▶ **Required action**
What are the lines below, starting at the line containing "France, la folie du Maine coon" and ending at the line containing "Ingredients: curry_leaves"? Write them out exactly, ends included, without pictures.

▶ **Pictures with short captions**
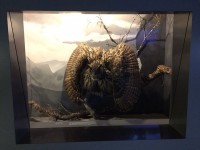 Sortie Gen#U00e8ve (40).jpg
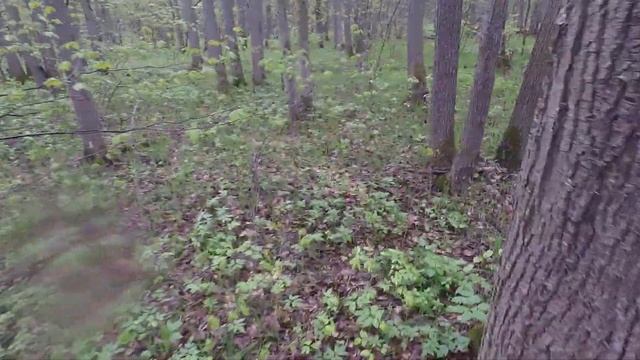 Заря "Поля сражений Тула" 04.05.19 - 4 - Работа в тылу синих смотреть онлайн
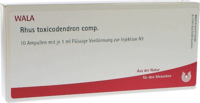 RHUS TOXICODENDRON COMP Ampullen - 10X1ml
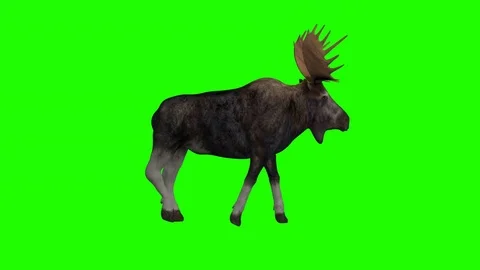 Moose walking in profile on a green screen Stock Footage 82284729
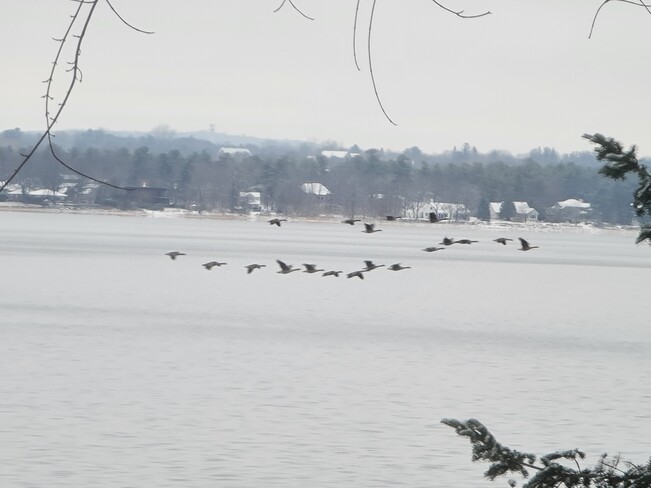 Geese in flight over the Ottawa River - not leaving yet... HMW Ottawa, ON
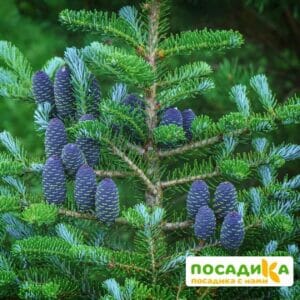 Пихта корейская (Abies koreana) купить по цене от 450.00р. в интернет-магазине «Посадика» с доставкой почтой в в Сальске и по всей России – [изображение №1].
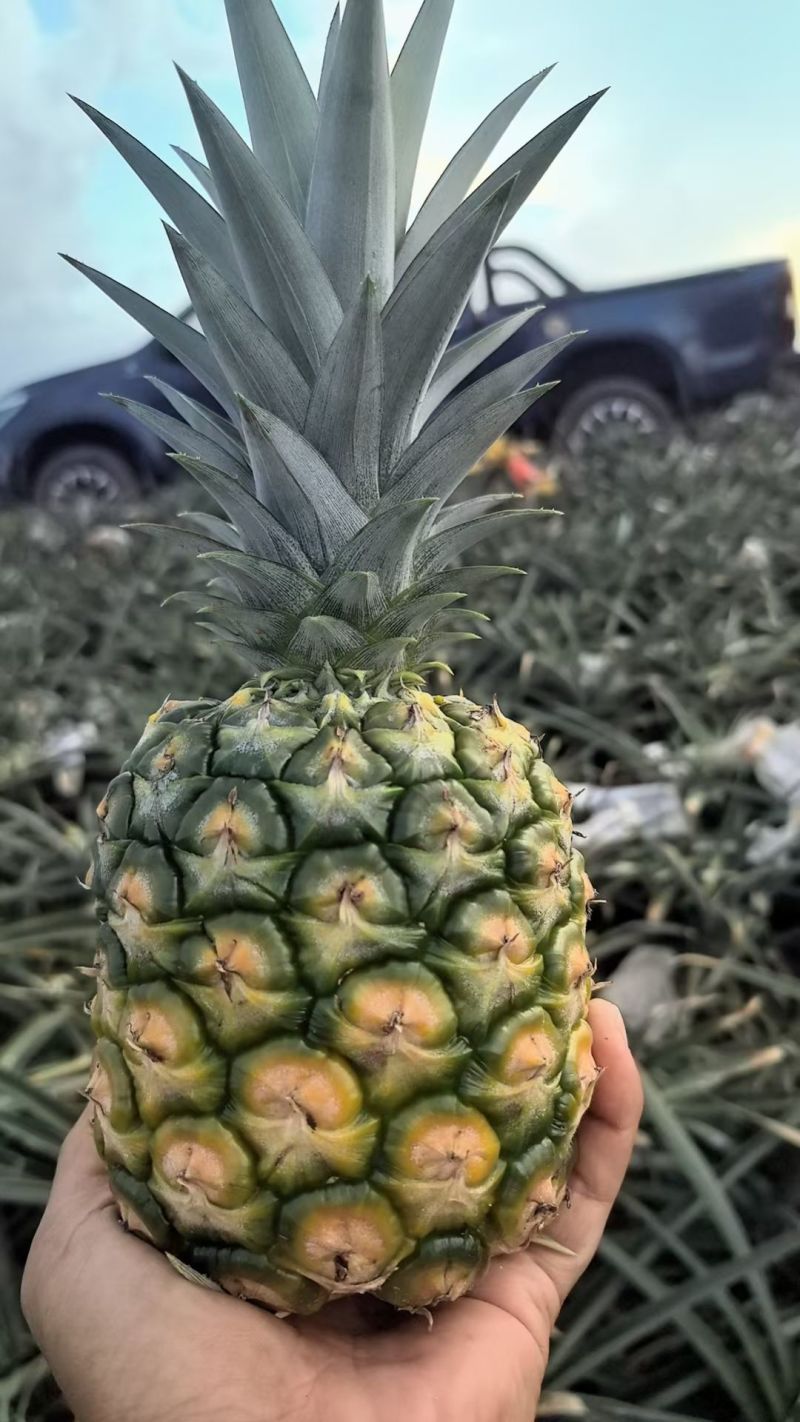 海南金菠萝，大量稳定供应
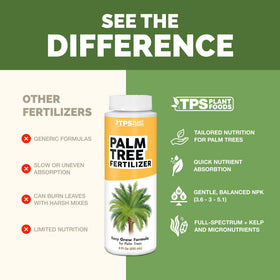 Outdoor landscape with vibrant fronds treated by TPS NUTRIENTS fertilizer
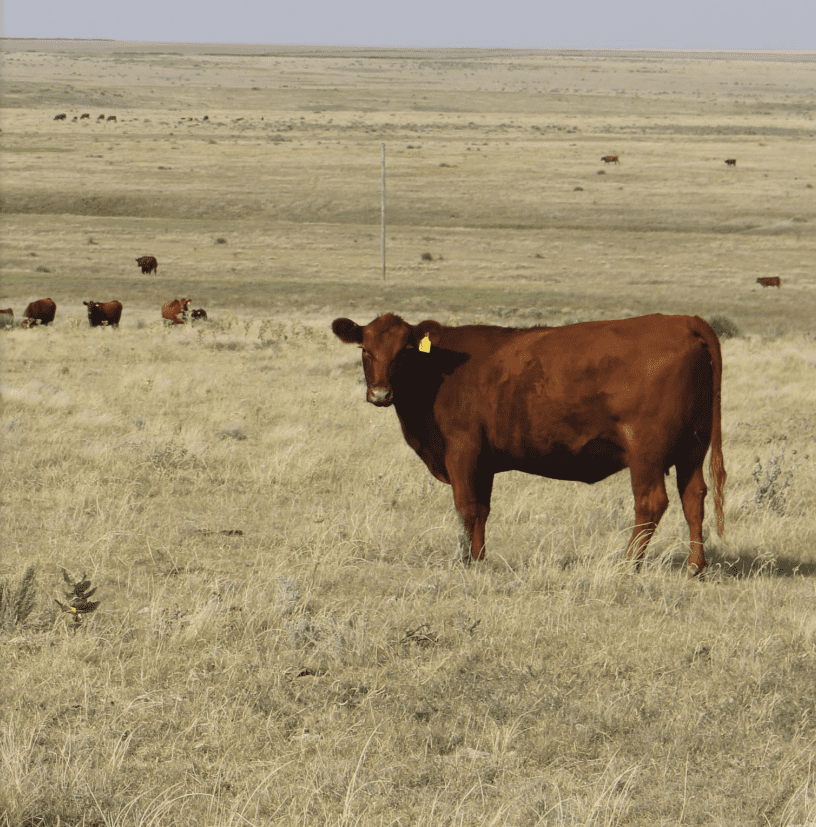 red cow in a field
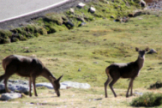 Fauna campurriana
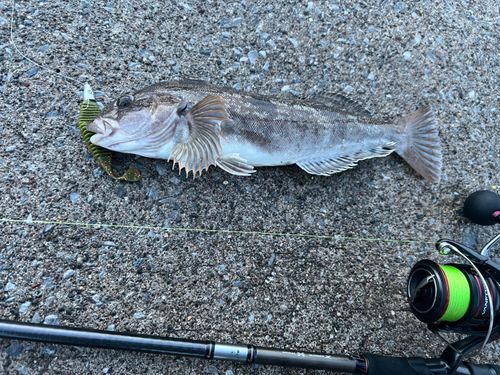 アイナメの釣果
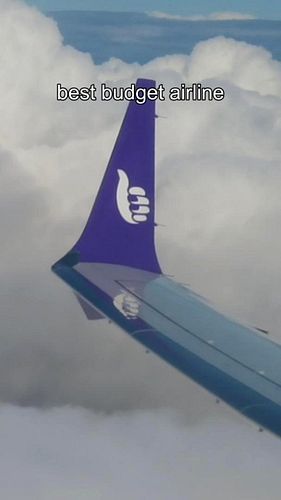 Final ever review of Bonza now on YouTube! Click the link in bio!! #bonza #airline #review #collapse #737max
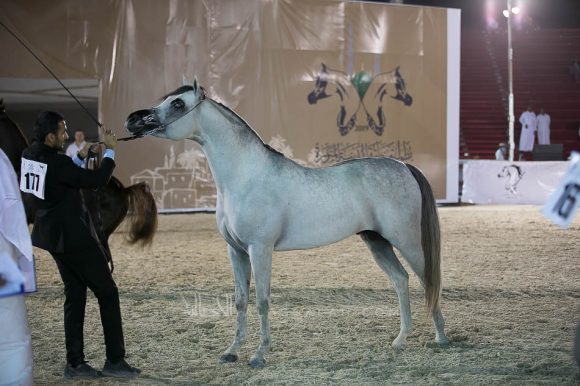 الجبيل (اس ام ايه ماجيك ون x سولى البداير) مربط المجد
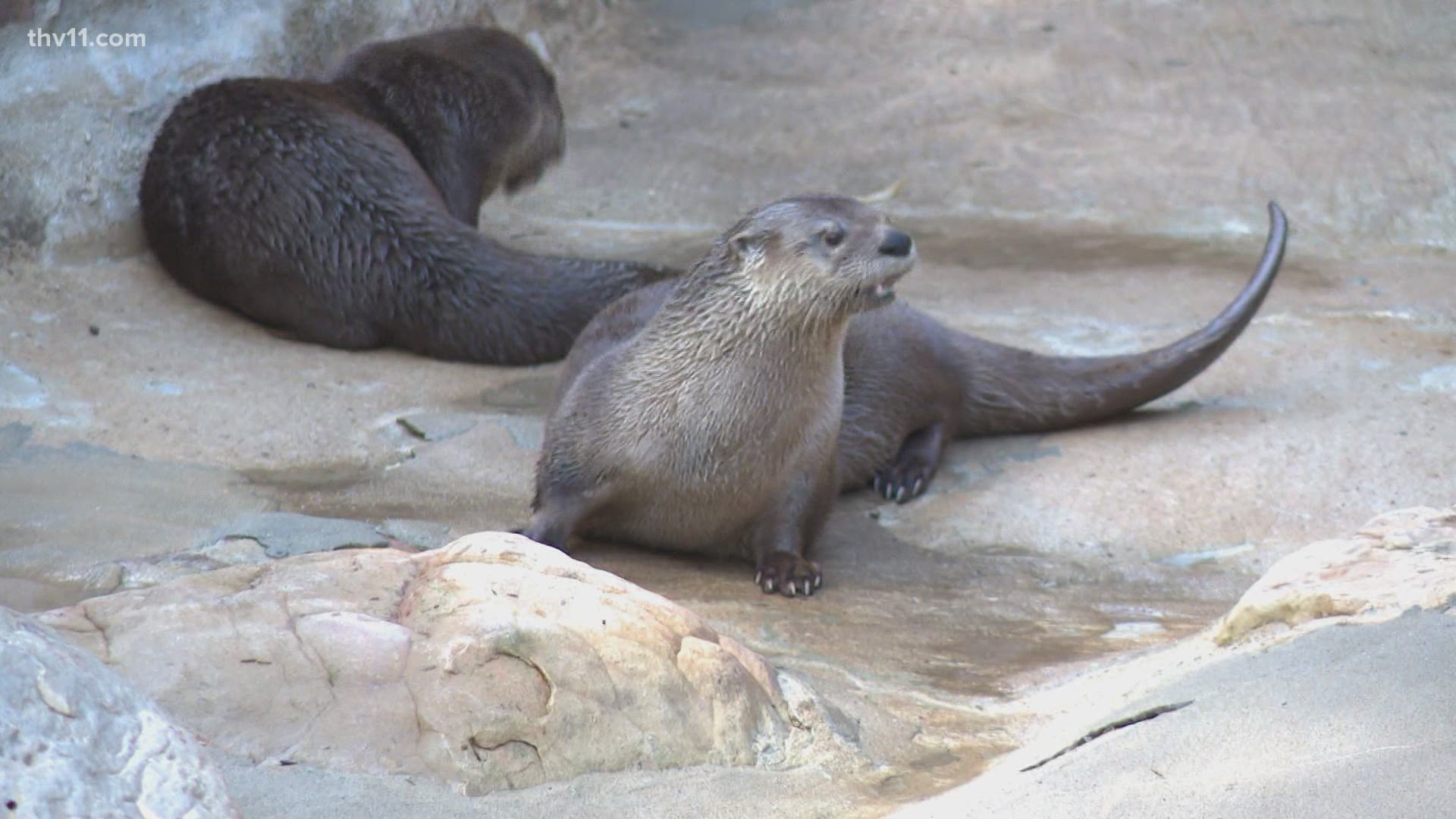 You can vote between three names for each otter, a male and female, on the Little Rock Zoo's website!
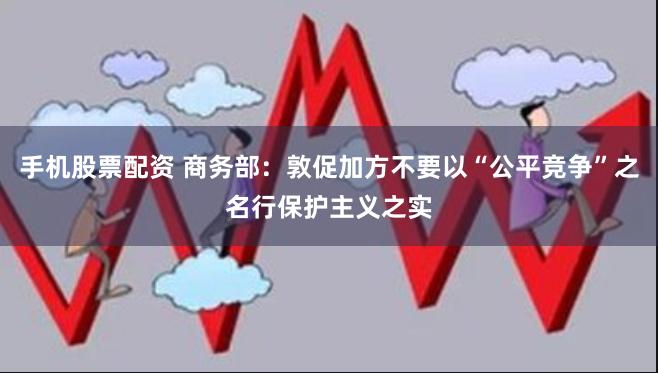 手机股票配资 商务部：敦促加方不要以“公平竞争”之名行保护主义之实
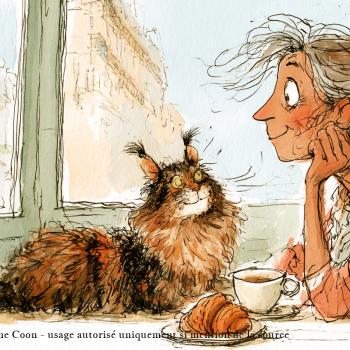 France, la folie du Maine coon
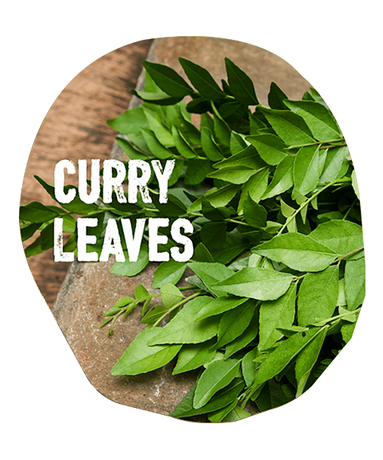 Ingredients: curry_leaves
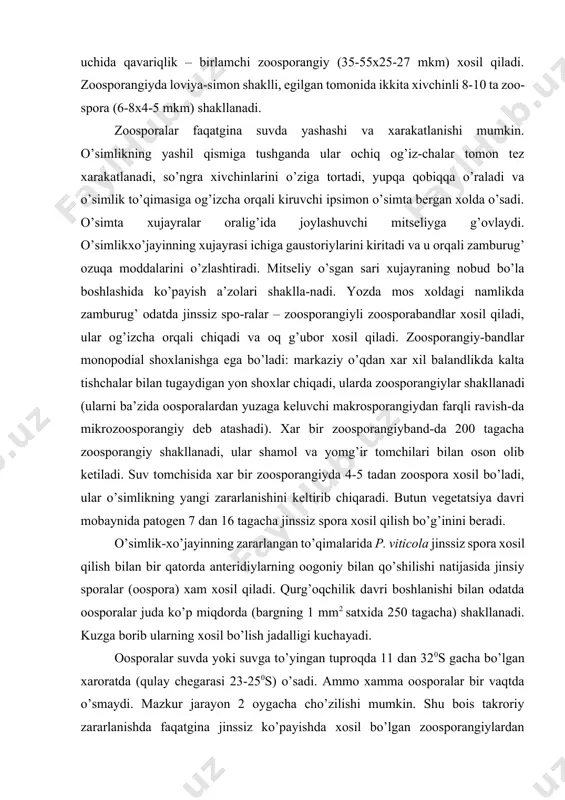 jayinning zararlangan to’qimalarida p. viticola jinssiz spora xosil qilish bilan bir qatorda anteridiylarning oogoniy bilan qo’shilishi natijasida jinsiy sporalar (oospora) xam xosil qiladi. qurg’oqchilik davri boshlanishi bilan odatda oosporalar juda ko’p miqdorda (bargning 1 mm2 satxida 250 tagacha) shakllanadi. kuzga borib ularning xosil bo’lish jadalligi kuchayadi. oosporalar suvda yoki suvga to’yingan tuproqda 11 dan 320s gacha bo’lgan xaroratda (qulay chegarasi 23-250s) o’sadi. ammo xamma oosporalar bir vaqtda o’smaydi. mazkur jarayon 2 oygacha cho’zilishi mumkin. shu bois takroriy zararlanishda faqatgina jinssiz ko’payishda xosil bo’lgan zoosporangiylardan chiqqan zoosporalar emas, balki oosporalarda shakllangan o’sishi kechikkan zoosporangiylar xam ishtirok etadi. jinssiz spora xosil qilish xavoning nisbiy namligi 95% dan yuqori bo’lganda (qulay chegarasi 97-100%) rivojlanadi, shu bois uning jadal rivojlanishi odatda mo’l yog’ingarchilik, shud-ring va tumanda kuzatiladi. jinssiz sporalarning xosil bo’lishi uchun 11-300s xarorat (qulay chegarasi 18-240s) talab etiladi. zoosporangiylarning o’sishi va o’simliklarning zararla-nishi 12-130s dan past bo’lmagan xaroratda va tomchi namlik mavjud bo’lganda …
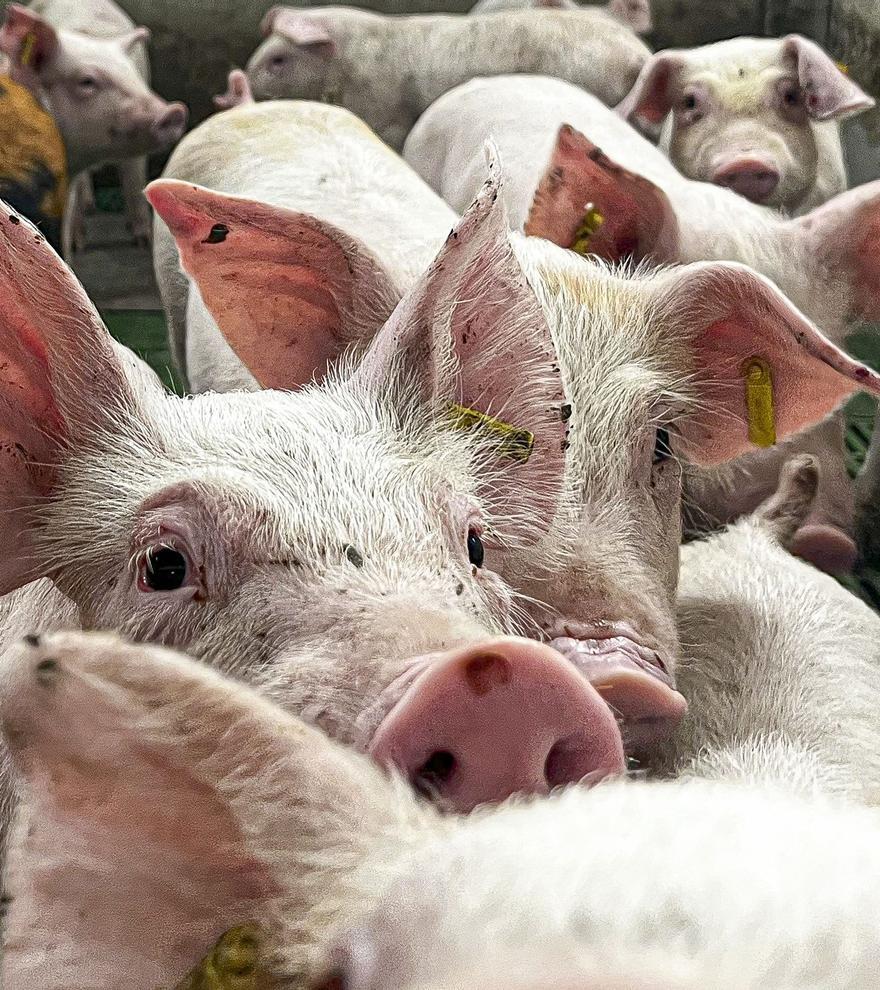 Peste porcina africana: una señal de alerta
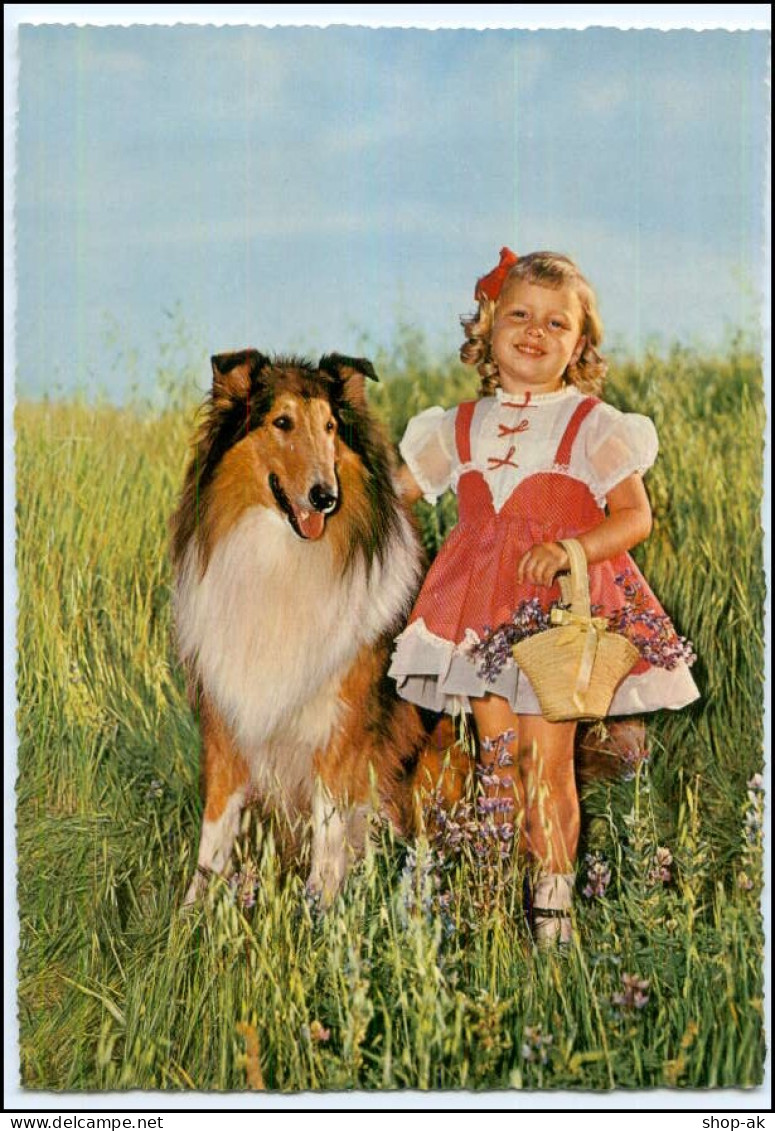 Y2693/ Mädchen Mit Hund  Collie Schöne AK Ca.1965 - Honden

▶ **Reply**
 France, la folie du Maine coon
 Ingredients: curry_leaves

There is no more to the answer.